The answer to that question, SAS says, impacted on the recent ruling. Not only that, it’s also relevant to “thousands of legacy songwriters, artists and/or musicians, who created millions of musical compositions and songs”. Which means it’s really important to get the answer right.
In the song-theft litigation against Sheeran, the appeals court answered that question “yes”, only the sheet music version of ‘Let’s Get It On’ could be considered. But, says SAS, the judges should reconsider that answer in light of a recent ruling in the US Supreme Court in the Loper Bright Enterprises v Raimondo case, which involved the fishing industry
You might wonder how a fishing industry dispute could possibly impact on a song-theft dispute involving Ed Sheeran. But it all comes down to whether or not courts should give deference to relevant government agencies when dealing with ambiguous areas of the law.
And those government agencies might be the National Marine Fisheries Service - as in the Loper Bright case - or the US Copyright Office, as in this case.
Under US law, in song theft cases like this, courts are meant to assess the similarities between the two songs as they were filed with the US Copyright Office. Where the two songs in dispute were both published after 1978, chances are the original recording of both songs were filed. But prior to 1978, songs could only be filed as sheet music.
Where songs pre-date 1978, like ‘Let's Get It On’, courts have generally said that only the sheet music version of the song can be considered.
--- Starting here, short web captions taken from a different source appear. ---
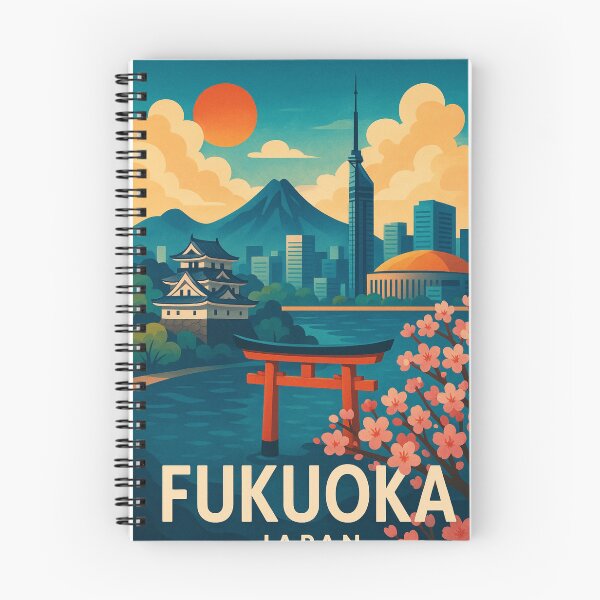 Item preview, Fukuoka Japan Skyline with Cherry Blossoms and Torii designed and sold by Places On Earth.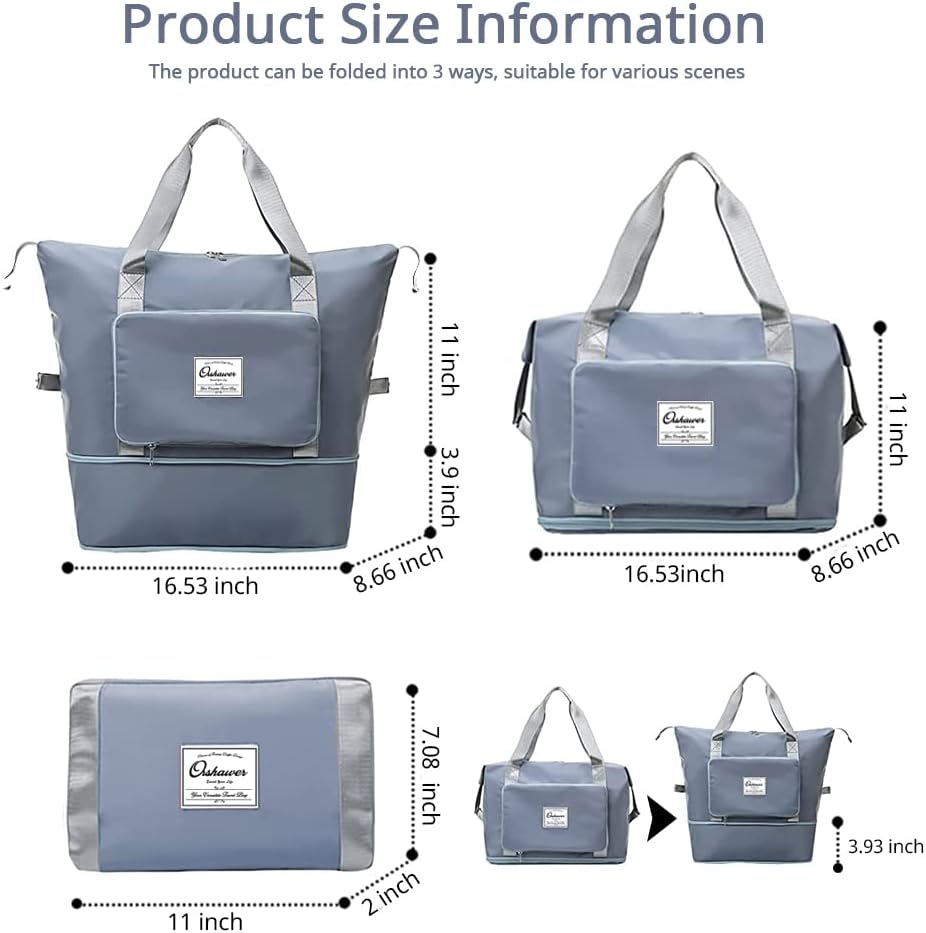 Orshawer Large Capacity Folding Travel Bag, Portable Expandable Carry on Bag, Dry and Wet Separation Sports Duffel Bags - Image 2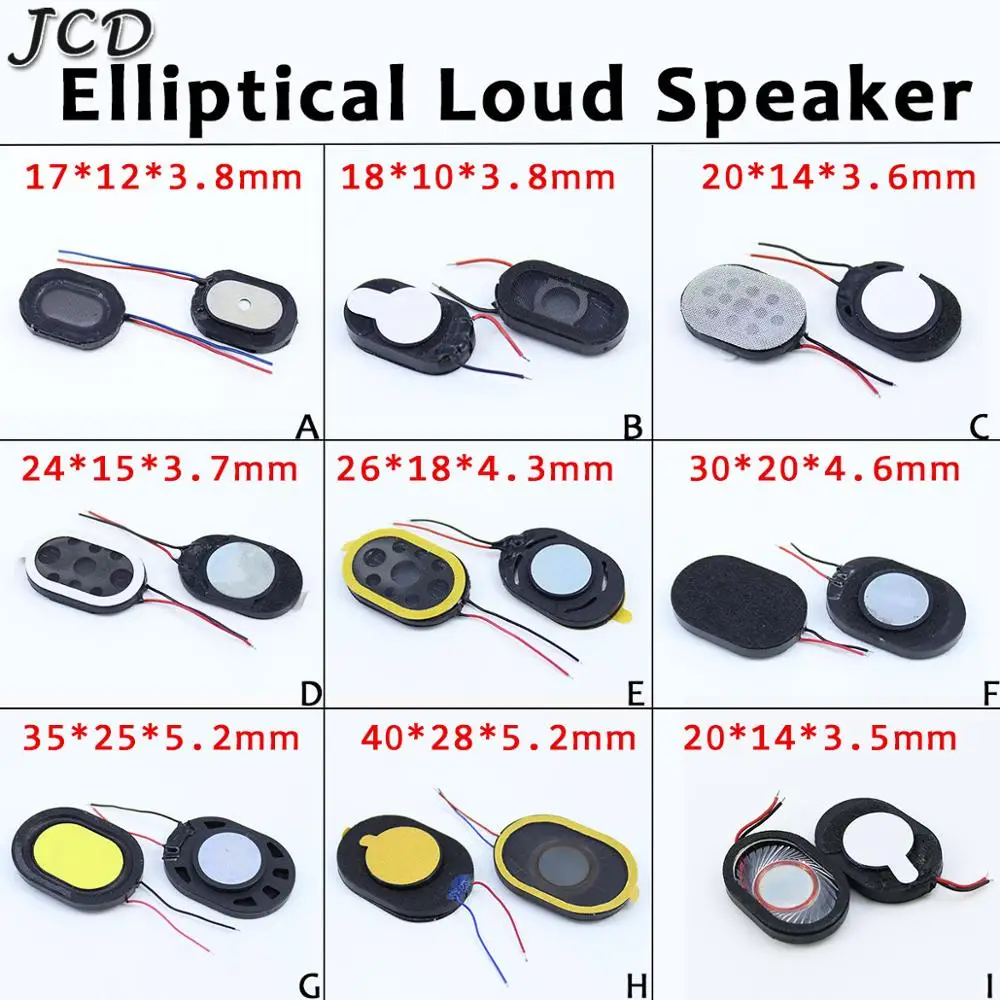 

JCD 2pcs 1W 8ohm 24x15 20x14 40mm oval ellipse Speaker Loudspeaker Round Horn 2 wires line cable DIY Repair Parts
Which is annoying if you are the owner of the copyright in the older work, and you feel that the similarities between that and the new song are stronger when you put the two recordings side by side.
Both the district court and the appeals court in SAS’s case against Sheeran ruled that only the sheet music version of ‘Let's Get It On’ could be considered.
However, in a new filing, SAS says that the judges reached that conclusion partly because of guidance from the US Copyright Office in its ‘Compendium Of US Copyright Office Practices’. And partly because of the ruling in the relatively recent Led Zeppelin song-theft case, which in turn relied on the ‘Compendium Of US Copyright Office Practices’.
While the US Copyright Office presumably knows a thing or two about copyright law, SAS argues that - following the Loper Bright ruling in the Supreme Court - the Second Circuit doesn’t need to show the US government’s copyright agency the same kind of deference as it may have done in the past.
To that end, SAS wants the Second Circuit to reconsider this specific copyright question en banc, so that more judges will be involved.
Not only is the answer to that question important for SAS, but - it insists - it’s also crucial for “thousands of legacy songwriters, artists and/or musicians, who created millions of musical compositions and songs, including some of the greatest songs and musical compositions ever written, who had no choice - by virtue of the Copyright Office’s policies - but to submit sheet music (rather than sound recordings) as deposits in connection with their copyright applications”.
That makes this “an issue of exceptional importance that should be considered en banc”.